▶ _Action item_
An exact, complete printout of the listing is wanted, minus its images.
*** Opening Provided records ***
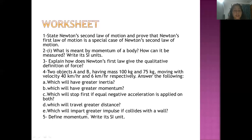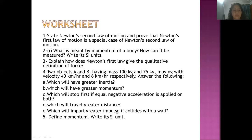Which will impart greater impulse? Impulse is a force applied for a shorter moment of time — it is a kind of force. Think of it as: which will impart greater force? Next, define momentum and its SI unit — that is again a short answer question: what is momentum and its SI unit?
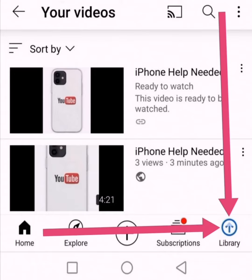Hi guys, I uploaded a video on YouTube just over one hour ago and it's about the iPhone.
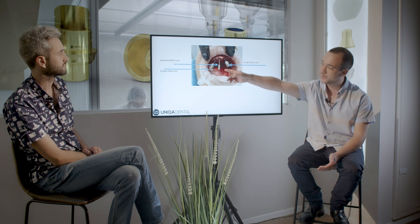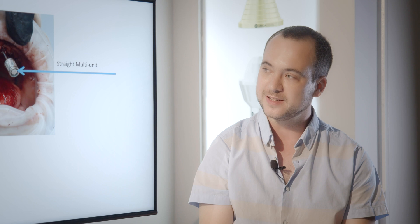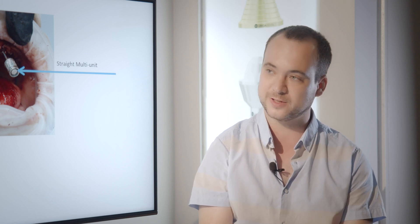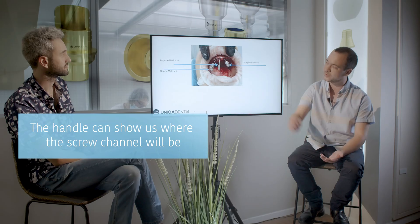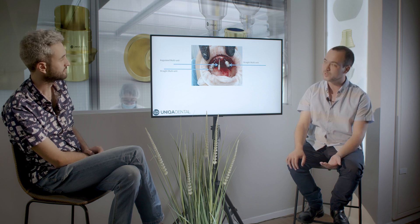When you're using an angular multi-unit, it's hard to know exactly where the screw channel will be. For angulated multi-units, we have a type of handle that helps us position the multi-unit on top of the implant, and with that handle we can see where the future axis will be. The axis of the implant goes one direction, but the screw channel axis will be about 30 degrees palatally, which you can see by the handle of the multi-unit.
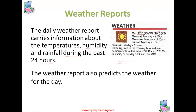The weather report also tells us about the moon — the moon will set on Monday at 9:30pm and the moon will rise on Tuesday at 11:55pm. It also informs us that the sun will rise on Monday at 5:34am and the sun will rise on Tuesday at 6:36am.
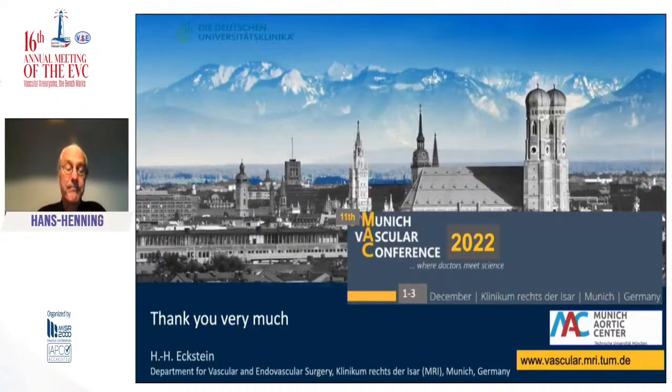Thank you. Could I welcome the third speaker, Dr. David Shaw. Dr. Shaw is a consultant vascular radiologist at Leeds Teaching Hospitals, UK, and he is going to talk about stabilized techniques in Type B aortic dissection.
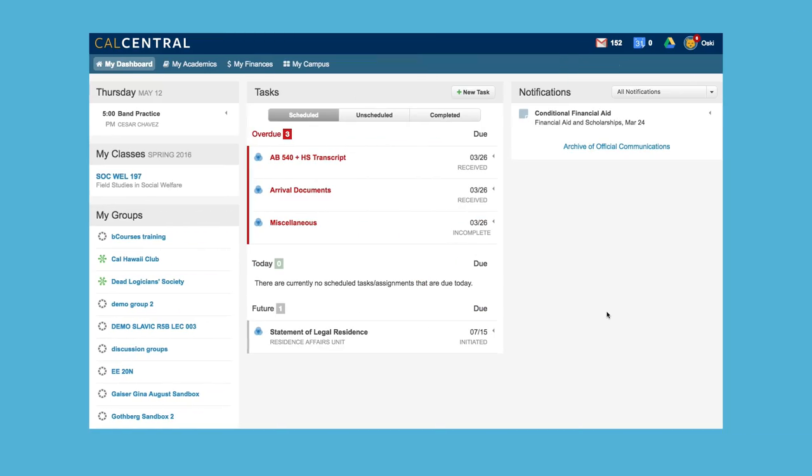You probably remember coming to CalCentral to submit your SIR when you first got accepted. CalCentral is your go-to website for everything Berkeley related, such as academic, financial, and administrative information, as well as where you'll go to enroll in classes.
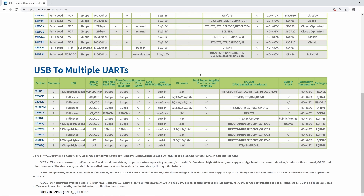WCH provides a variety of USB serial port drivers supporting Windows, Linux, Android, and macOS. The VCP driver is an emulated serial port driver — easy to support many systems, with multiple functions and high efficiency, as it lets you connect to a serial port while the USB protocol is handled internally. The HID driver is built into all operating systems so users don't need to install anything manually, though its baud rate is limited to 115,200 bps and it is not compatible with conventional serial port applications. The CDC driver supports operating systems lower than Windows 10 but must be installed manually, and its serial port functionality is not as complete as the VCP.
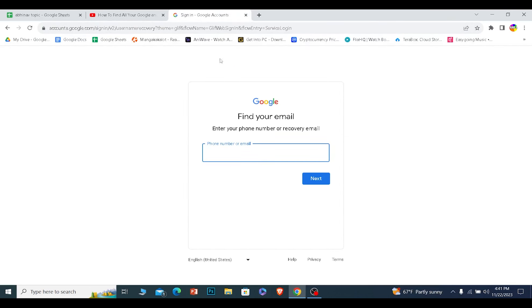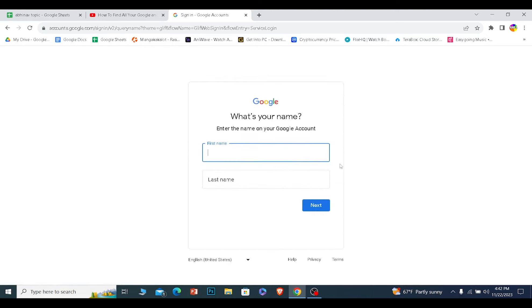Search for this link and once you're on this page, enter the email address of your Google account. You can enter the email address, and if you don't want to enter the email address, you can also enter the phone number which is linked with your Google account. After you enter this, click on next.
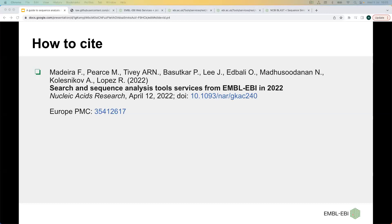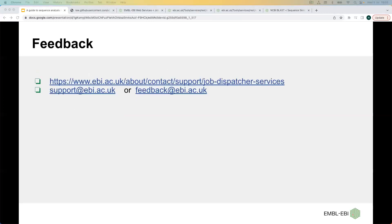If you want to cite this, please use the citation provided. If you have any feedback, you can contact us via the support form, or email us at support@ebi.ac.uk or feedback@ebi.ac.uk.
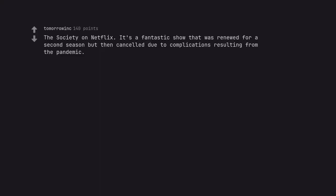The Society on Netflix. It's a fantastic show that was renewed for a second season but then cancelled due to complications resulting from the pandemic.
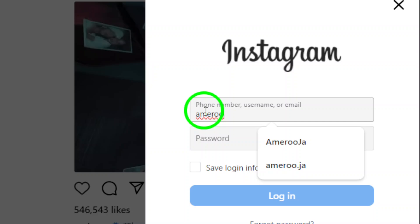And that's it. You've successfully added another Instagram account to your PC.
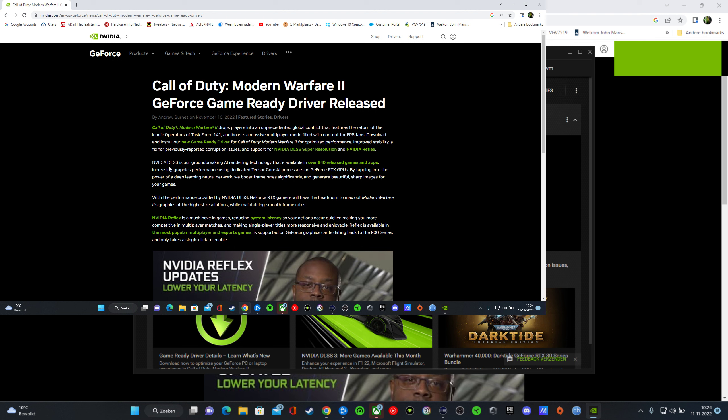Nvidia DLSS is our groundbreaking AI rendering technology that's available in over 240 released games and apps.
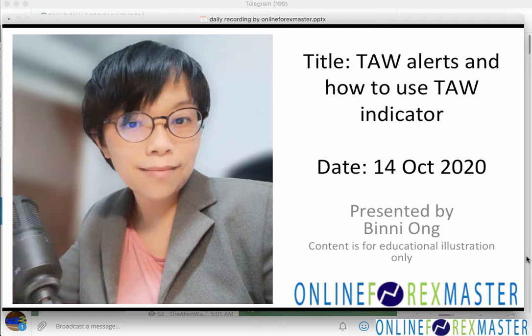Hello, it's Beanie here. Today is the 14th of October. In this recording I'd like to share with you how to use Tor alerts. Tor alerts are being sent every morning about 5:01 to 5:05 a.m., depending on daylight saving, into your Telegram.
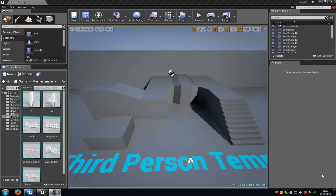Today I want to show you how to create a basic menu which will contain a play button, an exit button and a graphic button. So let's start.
*** Closing Provided records ***
▶ _Your solution_
Which will impart greater impulse? Impulse is a force applied for a shorter moment of time — it is a kind of force. Think of it as: which will impart greater force? Next, define momentum and its SI unit — that is again a short answer question: what is momentum and its SI unit?
Hi guys, I uploaded a video on YouTube just over one hour ago and it's about the iPhone.
When you're using an angular multi-unit, it's hard to know exactly where the screw channel will be. For angulated multi-units, we have a type of handle that helps us position the multi-unit on top of the implant, and with that handle we can see where the future axis will be. The axis of the implant goes one direction, but the screw channel axis will be about 30 degrees palatally, which you can see by the handle of the multi-unit.
The weather report also tells us about the moon — the moon will set on Monday at 9:30pm and the moon will rise on Tuesday at 11:55pm. It also informs us that the sun will rise on Monday at 5:34am and the sun will rise on Tuesday at 6:36am.
Thank you. Could I welcome the third speaker, Dr. David Shaw. Dr. Shaw is a consultant vascular radiologist at Leeds Teaching Hospitals, UK, and he is going to talk about stabilized techniques in Type B aortic dissection.
You probably remember coming to CalCentral to submit your SIR when you first got accepted. CalCentral is your go-to website for everything Berkeley related, such as academic, financial, and administrative information, as well as where you'll go to enroll in classes.
WCH provides a variety of USB serial port drivers supporting Windows, Linux, Android, and macOS. The VCP driver is an emulated serial port driver — easy to support many systems, with multiple functions and high efficiency, as it lets you connect to a serial port while the USB protocol is handled internally. The HID driver is built into all operating systems so users don't need to install anything manually, though its baud rate is limited to 115,200 bps and it is not compatible with conventional serial port applications. The CDC driver supports operating systems lower than Windows 10 but must be installed manually, and its serial port functionality is not as complete as the VCP.
Search for this link and once you're on this page, enter the email address of your Google account. You can enter the email address, and if you don't want to enter the email address, you can also enter the phone number which is linked with your Google account. After you enter this, click on next.
If you want to cite this, please use the citation provided. If you have any feedback, you can contact us via the support form, or email us at support@ebi.ac.uk or feedback@ebi.ac.uk.
The Society on Netflix. It's a fantastic show that was renewed for a second season but then cancelled due to complications resulting from the pandemic.
And that's it. You've successfully added another Instagram account to your PC.
Nvidia DLSS is our groundbreaking AI rendering technology that's available in over 240 released games and apps.
Hello, it's Beanie here. Today is the 14th of October. In this recording I'd like to share with you how to use Tor alerts. Tor alerts are being sent every morning about 5:01 to 5:05 a.m., depending on daylight saving, into your Telegram.
Today I want to show you how to create a basic menu which will contain a play button, an exit button and a graphic button. So let's start.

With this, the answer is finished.